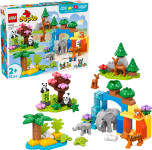 LEGO DUPLO Town Wild Animal Families številka 10446 - novo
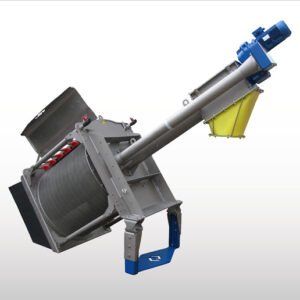 Máy lọc dạng trống quay WASTEMASTER FTR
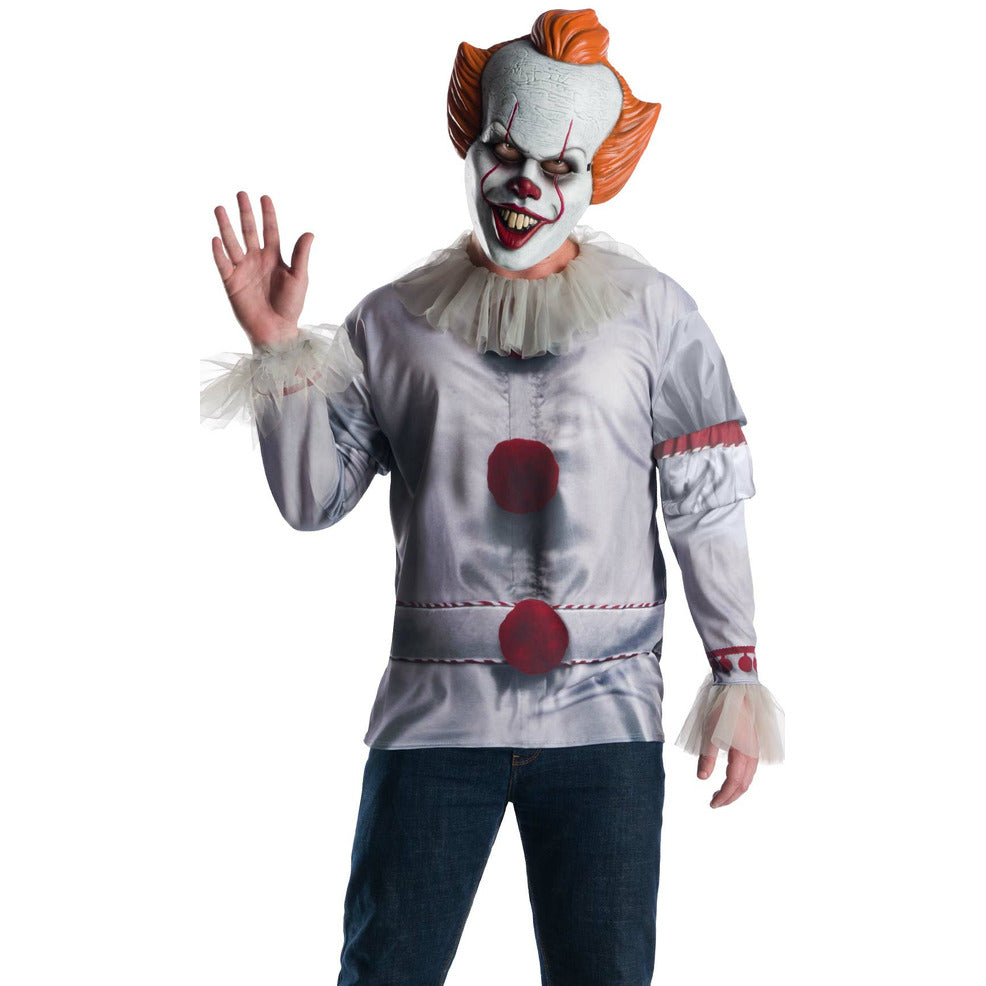Disfraz de Pennywise™ del Payaso IT para adulto | Don Disfraz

::::::::

**Activity**
Whenever images occur above, omit them and retype each line exactly as it stands.

**Result of the task**
 LEGO DUPLO Town Wild Animal Families številka 10446 - novo
 Máy lọc dạng trống quay WASTEMASTER FTR
Disfraz de Pennywise™ del Payaso IT para adulto | Don Disfraz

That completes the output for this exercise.